#### ASSIGNMENT
The reply should consist solely of the lines from the one that holds "Outline vector graphic" through the last line of the material, reproduced exactly; no pictures belong in it.
· · · ·
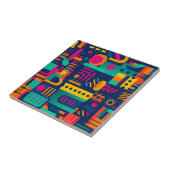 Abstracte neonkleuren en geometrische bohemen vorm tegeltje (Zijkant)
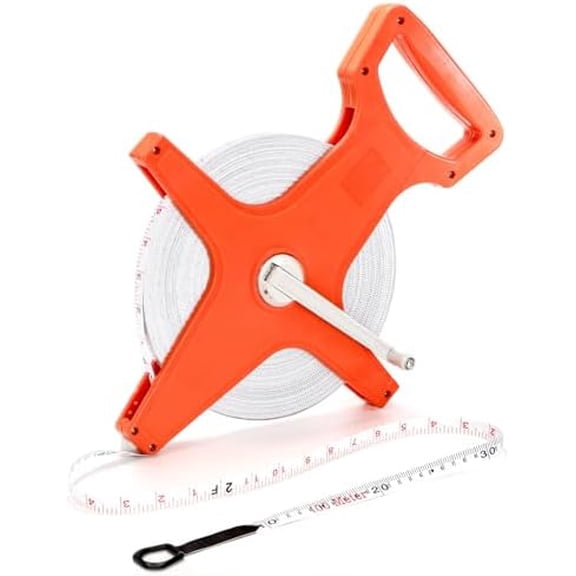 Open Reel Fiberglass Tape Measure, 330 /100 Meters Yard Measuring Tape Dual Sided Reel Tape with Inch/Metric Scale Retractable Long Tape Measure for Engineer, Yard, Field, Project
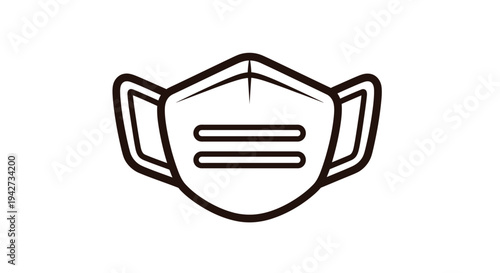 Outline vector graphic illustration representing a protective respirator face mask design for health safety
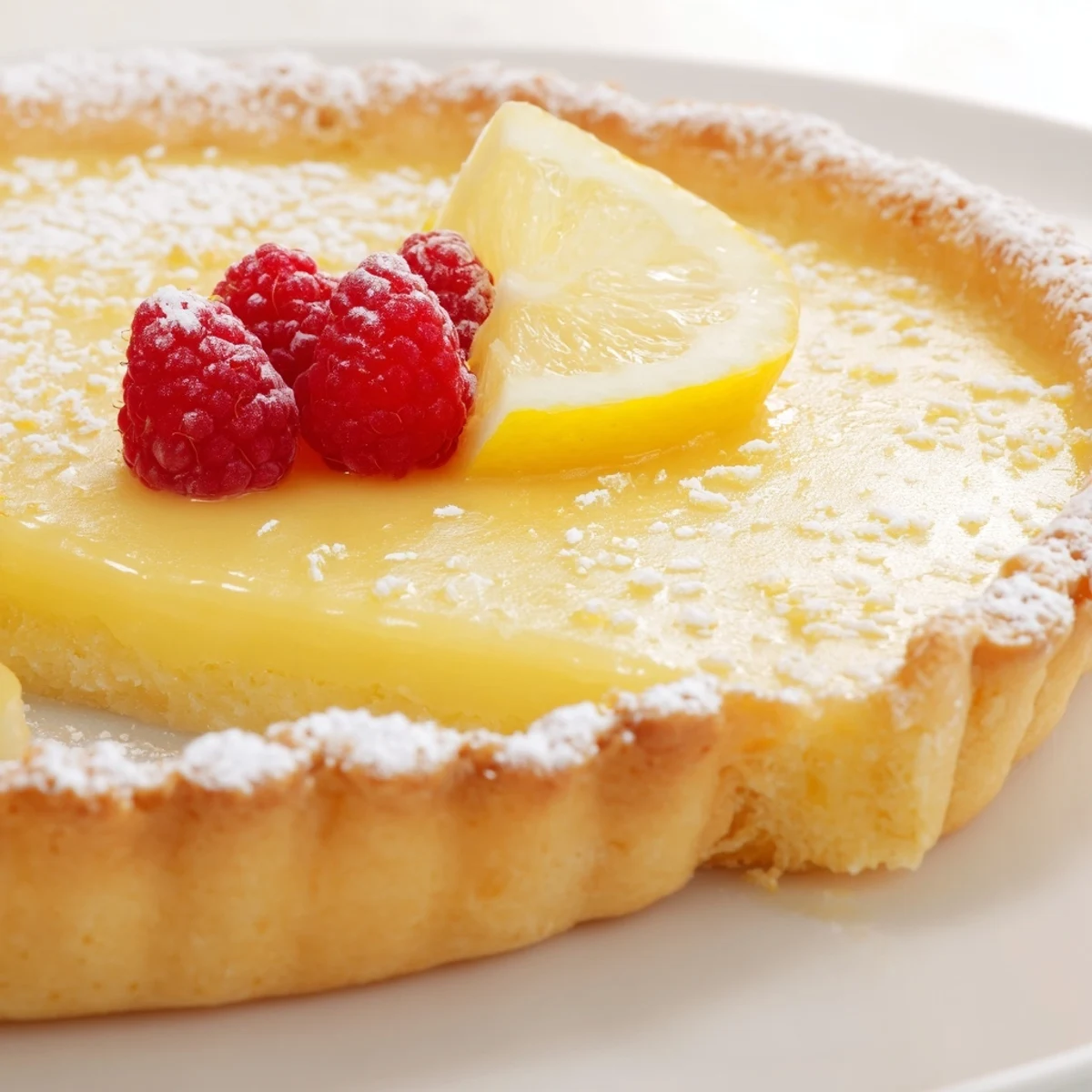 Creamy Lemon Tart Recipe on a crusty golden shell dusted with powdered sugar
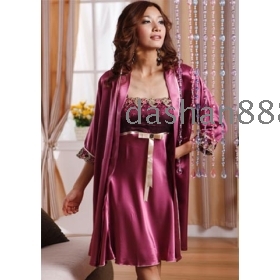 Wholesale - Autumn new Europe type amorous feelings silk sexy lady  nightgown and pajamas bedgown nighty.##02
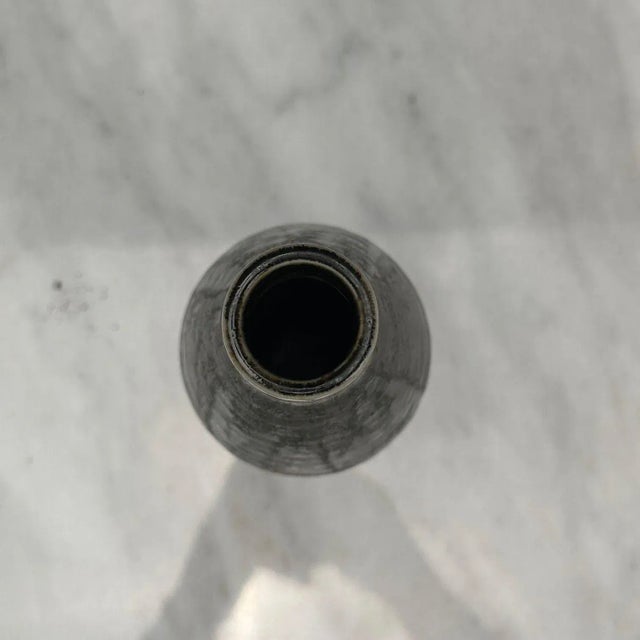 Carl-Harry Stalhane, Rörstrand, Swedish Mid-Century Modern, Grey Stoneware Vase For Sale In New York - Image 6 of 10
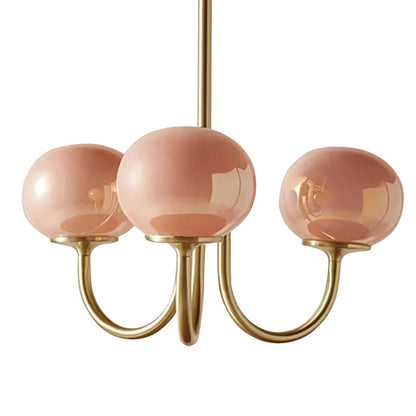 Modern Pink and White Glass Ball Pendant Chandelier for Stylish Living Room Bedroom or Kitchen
· · · ·
#### THE COMPLETED TASK
 Outline vector graphic illustration representing a protective respirator face mask design for health safety
 Creamy Lemon Tart Recipe on a crusty golden shell dusted with powdered sugar
 Wholesale - Autumn new Europe type amorous feelings silk sexy lady  nightgown and pajamas bedgown nighty.##02
 Carl-Harry Stalhane, Rörstrand, Swedish Mid-Century Modern, Grey Stoneware Vase For Sale In New York - Image 6 of 10
 Modern Pink and White Glass Ball Pendant Chandelier for Stylish Living Room Bedroom or Kitchen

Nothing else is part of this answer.